Zell seems to be taking a gamble – if he can sell the stadium to the state of Illinois and the team separately then he can probably get more than selling them together. But trying to get Illinois to buy the stadium is a long-drawn out process and if Zell continues on that road then people are predicting the deal won’t get done until the 2009 season when everyone had expected it was vital that it be done this year. As for those interested in the team, they’re not about to make a bid until they know whether they’ll get the stadium, too,  or if the state takes  the stadium and agrees to a long-term lease at a low rent.

Also Zell may have his eye on stadium naming rights. Wrigley Field is named after the chewing gum family that once owned the team, but Tribune gets no money from the name. Zell has been quoted as saying, “Wrigley Field, the Cubs and all the land around it is an asset of the company -- including the right to name the park. Based on the sales of naming rights around the country, this would probably qualify as being extraordinarily valuable.”

Naming rights have become really big business. The New York Mets sold naming rights to their new baseball stadium to Citigroup Inc. for more than $400 million (€275 million) over 20 years, a record.

But the deal expected to set new naming rights records is for the new American football stadium to be shared by the Super Bowl champions New York Giants and their rival New York Jets. Analysts believe the naming rights in the country’s largest metropolitan area could go for $20 million - $25 million annually.  In Los Angeles the commission running the Los Angeles Memorial Coliseum is willing to give up the “Los Angeles” for a corporate name in exchange for some $5 million annually.

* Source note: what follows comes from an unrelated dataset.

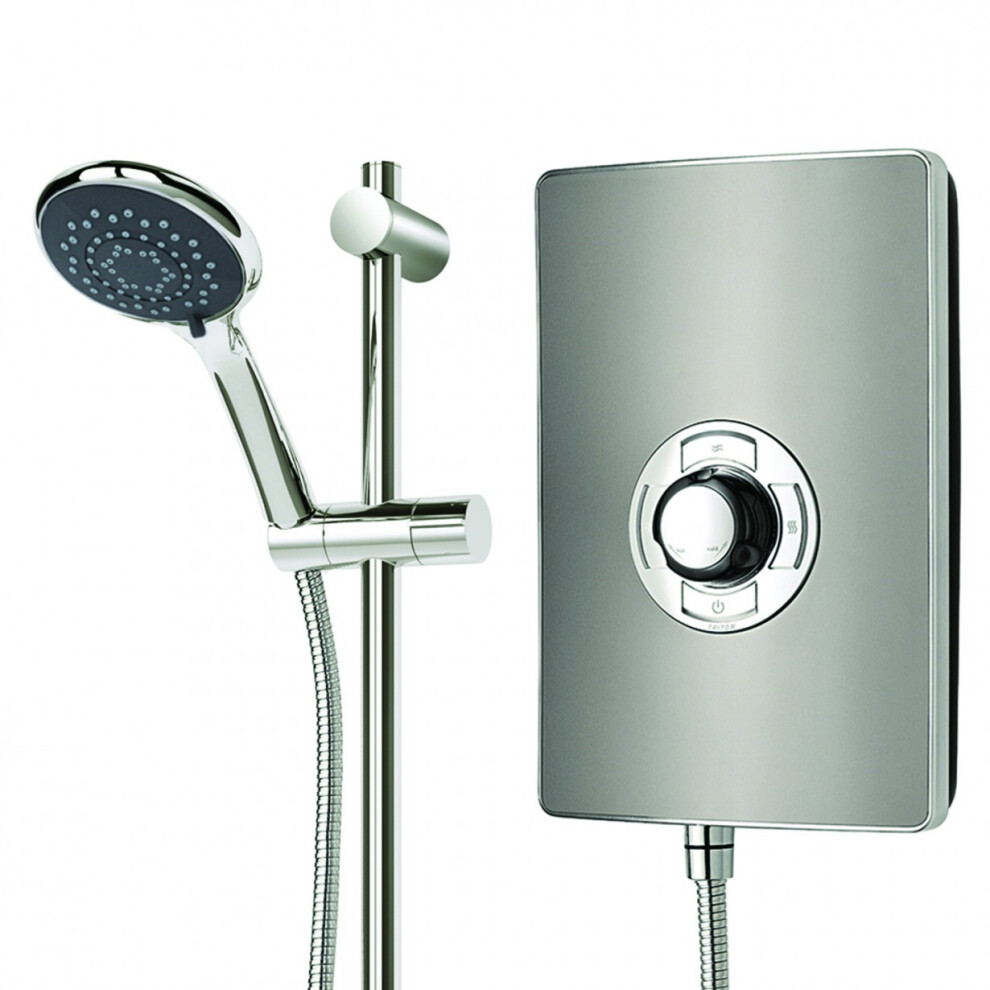 Triton Aspirante 9.5Kw Electric Shower Gun Metal Effect 5 Spray Asp09gunmtl - Image 3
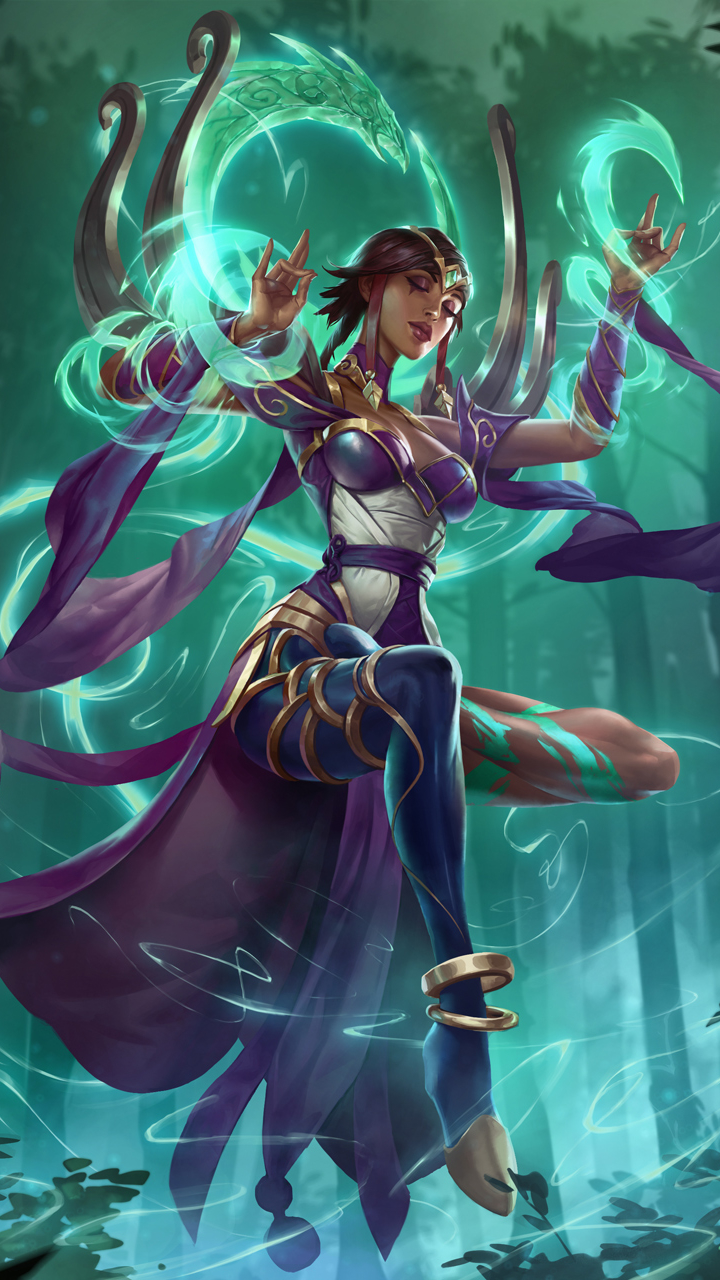 Download mobile wallpaper Video Game, Karma (League Of Legends), Legends Of Runeterra for free.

Zell has forgotten more than most people know about how to make big real estate deals, but he has the pressure of the debt payments on his back, and if the cash flow from newspapers and broadcasters is not what he had figured then that just puts added need on getting cash quickly for the Cubs and their stadium.

Incidentally, Tribune is offering buyouts to accommodate as many of the staff cuts as possible, but wily Sam has found a neat way to pay for those buyouts – take the money from the employee cash-balance pension fund, which the company says has about $300 million more than it needs.

And a dire warning from publishers to staff that if they are thinking of taking a buyout then this is the time to do it. Starting in January, 2009, if buyouts continue it won’t be two weeks severance for every year worked on offer, but one week.